One employee of a state-run tourism company said his agency was sending 400 Cubans to Varadero each day, creating a surge in business during what is ordinarily the low season for international tourism. Many of Varadero’s upper-end facilities are still full of foreigners, but the more affordable resorts have been jammed with Cubans all summer.
“I’m having a great time,” said Erick Llanio, a Havana resident sitting poolside with his family at a resort called Cuatro Palmas. The all-you-can-eat buffets were especially novel to him.
“A lot of foreigners who come here may be used to it, but in my case, it’s the first time,” said Llanio. “So I see things and say ‘What’s that? What’s this? This is tasty!’ Foreigners say they don’t like the food, but I’m like ‘This is great!’”
The sudden arrival of so many Cubans can be a challenge for hotel managers, and there have been some accounts of pilfering from hotel rooms and decimated buffet tables. While foreign tourists tend to prefer reading and lounging quietly in the sun, Cuban beachgoers often like loud music — using their vacation time to party, not to relax.

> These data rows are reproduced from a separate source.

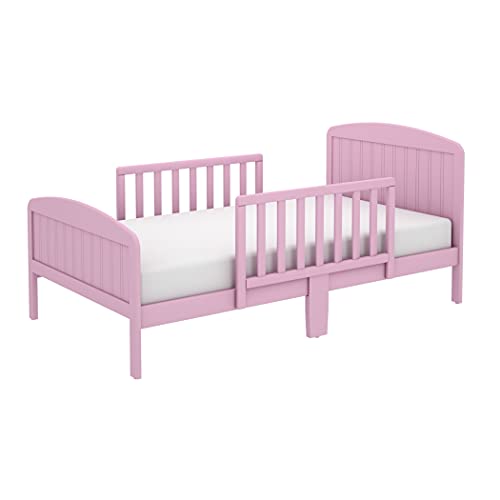 Harrisburg Toddler Bed - Modern Design Toddler Bed for Children, Solid Wood Construction for Kids Bedroom Furniture, Classic Design for Any Decor - by BK Furniture (Pink)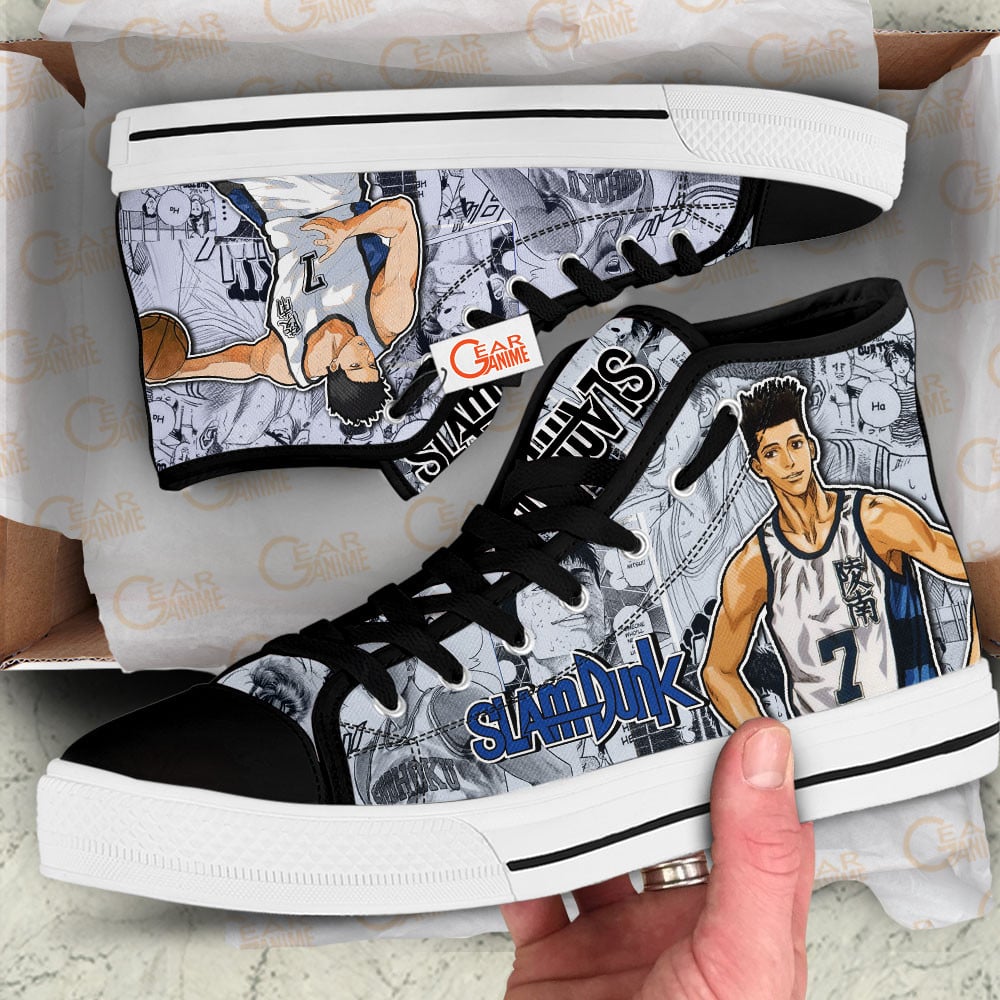 Slam Dunk Akira Sendoh Manga Anime Custom High Top Shoes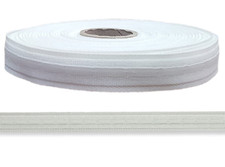 EMMEBI. Nastro, fettuccia tende a pacchetto steccate, TUBOLARE18TB 18mm - Bianco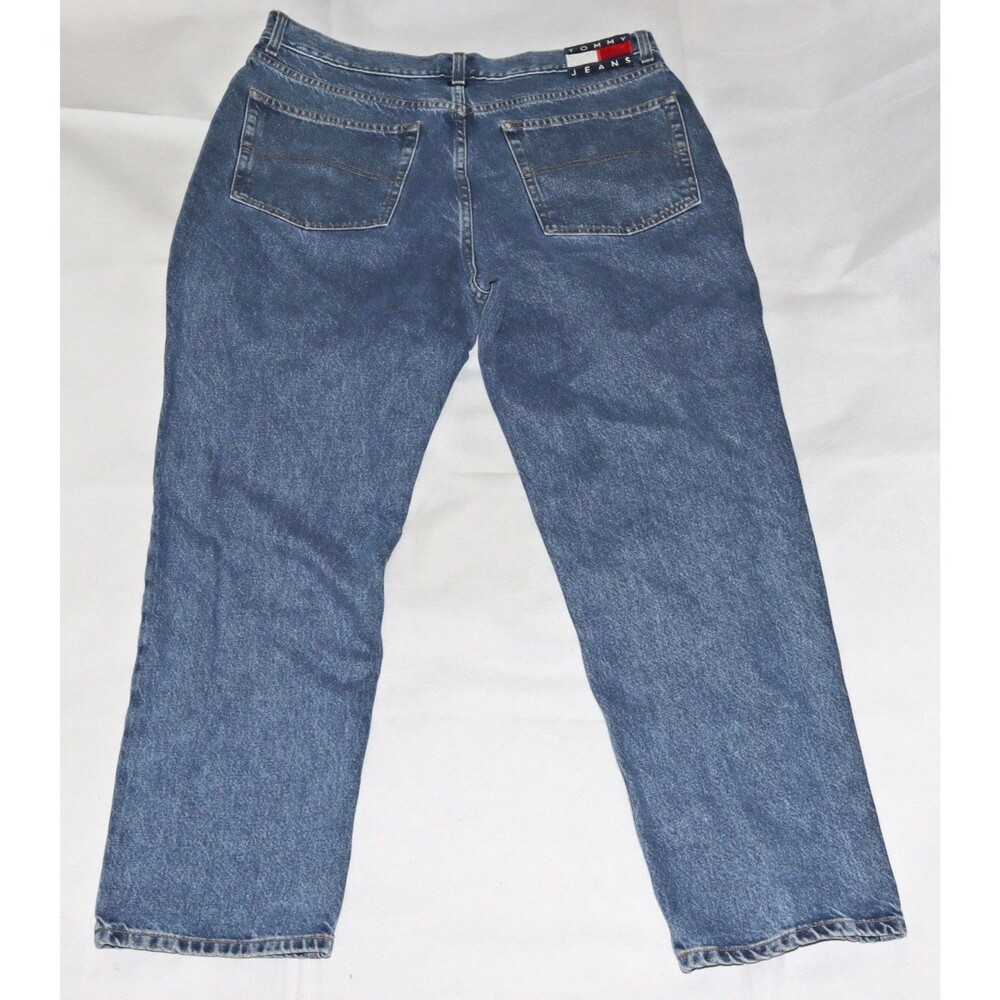 Vtg Tommy Hilfiger Jeans JYD-JYD DITTO 36x30‎ Freedom Jean USA Made Y2K 08/2002 - Picture 5 of 16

But most staffers said the integration of Cuban and foreign tourists was going smoothly, and that they are thrilled to finally be serving their compatriots. Certain European guests don’t have a reputation for tipping well, but several resort staffers said their fellow Cubans were generous with gratuities. “We learned that from Americans,” one Cuban hotel employee said.
The presence of so many local vacationers is also a sign that while many here struggle to make ends meet, a growing number of Cubans have money to spend. The island’s socialist system provides free health care and education, as well as subsidized housing, utilities and other basic necessities, so Cubans with access to hard currency often have disposable income to spare. Some may be employees of foreign companies, or private farmers benefiting from recent land reforms. Others are small-time entrepreneurs, or those prospering in the country’s huge black market economy.

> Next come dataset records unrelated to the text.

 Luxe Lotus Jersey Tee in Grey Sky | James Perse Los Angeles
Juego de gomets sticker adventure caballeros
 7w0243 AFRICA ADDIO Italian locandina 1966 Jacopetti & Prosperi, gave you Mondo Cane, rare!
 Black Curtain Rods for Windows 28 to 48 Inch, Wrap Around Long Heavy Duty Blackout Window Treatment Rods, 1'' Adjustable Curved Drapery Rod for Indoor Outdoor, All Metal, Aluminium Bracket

Then there are Cubans who receive support from family members abroad. In the past, Cubans living abroad who returned to the island couldn’t invite their families to stay with them at resorts, so Varadero has become a popular site for family reunions.

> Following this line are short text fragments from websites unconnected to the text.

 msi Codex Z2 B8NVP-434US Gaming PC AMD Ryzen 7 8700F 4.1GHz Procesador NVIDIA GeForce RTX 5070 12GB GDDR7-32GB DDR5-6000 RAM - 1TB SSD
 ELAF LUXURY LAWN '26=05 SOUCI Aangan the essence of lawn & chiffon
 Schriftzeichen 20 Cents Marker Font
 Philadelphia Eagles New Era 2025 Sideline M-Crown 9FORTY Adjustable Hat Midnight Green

“This is a lot easier and more comfortable,” said Masiel Jorda, staying at the Palma Real resort with her husband, daughter, and mother, who was visiting from the U.S. “In the past, we would come from Havana, but just for the day. Now we can stay longer, and it’s more comfortable for everyone,” she said.
Still, there were other Cubans — including those living abroad as well as Cubans on the island— who’d finally entered the idyllic world of Varadero’s resorts, only to find it a bit alienating. As with popular Caribbean destinations in Jamaica or the Dominican Republic, their hotels were a world away from the poverty beyond the beach. And that put a shadow on the experience for some.
“Only an elite group of Cubans have access to this,” said one Havana resident who requested his name withheld because he works for a state-run cultural institution. “Most people in this country can’t even dream about coming here.”
Of course, the inequalities laid bare by the opening of Cuba’s resorts are likely to grow if the country’s communist authorities ease their grip on other economic activities. But after 50 years of socialist rule, even the government’s harshest critics seem to have a hard time enjoying something that remains out of reach for so many others.